The survey of the mosque complex, which started at 8 am, concluded peacefully at around 10:15 am, covering the entire mosque complex. The survey report would be submitted in court on Tuesday, May 17.

Upon the conclusion of the survey, the court of Varanasi Civil Judge (Senior Division) Ravi Kumar Diwakar ordered the district administration, police commissioner and CRPF commandant, engaged in the security of the Kashi Vishwanath Dham and Gyanvapi complex, to seal the area of the ‘wuzu’ pond on the mosque premises where the lawyer of one of the plaintiffs on Monday claimed unearthing of a Shivlinga during the survey.

The judge also ordered the district administration and law enforcement agencies to restrict the entry of people into that sealed part of the mosque premises. However, the court passed the order after lawyer Harishankar Jain, representing Rakhi Singh in the related petition no. 693/2021 Rakhi Singh Vs UP government and others, left the mosque premises even while the survey was on and moved an application.

The lawyer stated in the application that during the survey by the court commission on Monday, a Shivlinga was found. “As it is very important evidence, in this case, the area should be sealed immediately for its safety,” stated Jain, demanding a ban on the entry of Muslims in this area besides allowing not more than 20 persons to offer namaz at a given time.
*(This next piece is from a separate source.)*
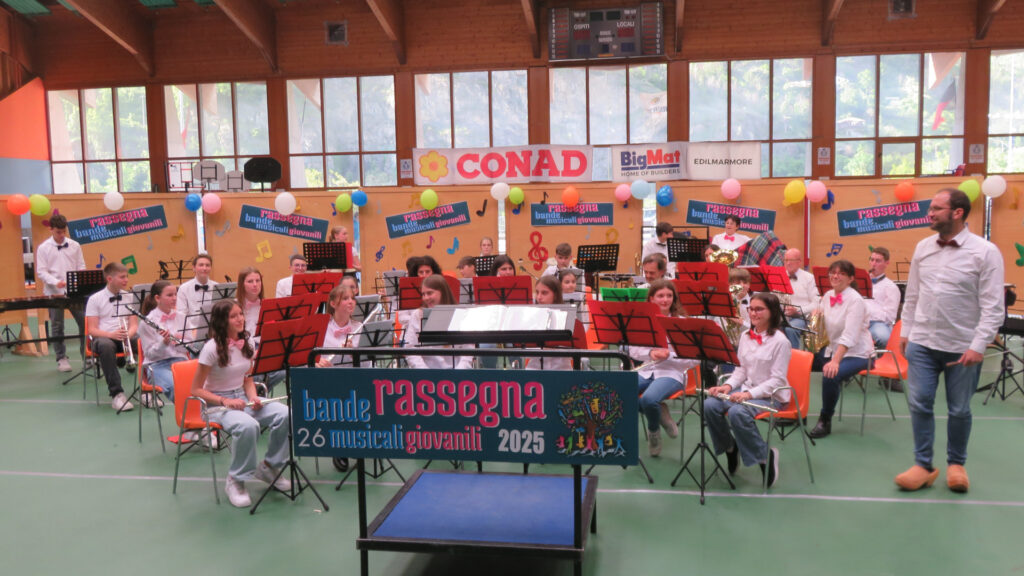 La Banda giovanile di Donnas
However, the court gave no directive on the number of devotees to be allowed on the premises at a given time. The court also clarified the state chief secretary and director general of police responsible for the supervision of the sealing process and the work done by the district magistrate, commissioner of police and CRPF for the execution of the order.

The court said that the safety and conservation of the area would be the personal responsibility of the DM, CP and CRPF commandant. 

On the contrary, the Muslim side argued that the court ordered to seal the wuzu pond without hearing it.  Rejecting the theory of Shivlinga given by the Hindu side, the Muslim side claimed that it was not a Shivlinga but a defunct fountain inside the pond. 

“The other side is misguiding the nation by calling a defunct fountain a Shivlinga,” said Raees Ahmad Ansari, the lawyer of Anjuman Intenzamia Masajid (AIM).

Even Abhay Nath Yadav, representing the Muslim side in the case, said that everyone should wait for the submission of the survey report and subsequent court verdict without jumping to conclusions. “The report to be submitted in the court will make everything clear,” he said.

In the meantime, while the security inside the corridor area and the mosque premises was enhanced and the area defined by the court was sealed in compliance with its order, Varanasi DM Kushal Raj Sharma and court-appointed Advocate General Ajay Kumar Mishra neither confirmed nor denied the presence of Shivlinga on the mosque premises saying it might be someone’s personal claim as everything about the 12.5-hour survey would be mentioned in the report and submitted to the court on May 17.

Regarding the court order, the DM said that after receiving the order, the process for isolating the ‘wuzu’ pond area of Gyanvapi mosque was sealed and alternative arrangements for ‘wuzu’ were being made to ensure that Muslims did not face any problems in offering namaz. 

Other lawyers accompanying the court commission during the survey termed it a “historic day” saying that the evidence collected by the court commission, in this case, would play a key role in all cases related to Gyanvapi in different courts.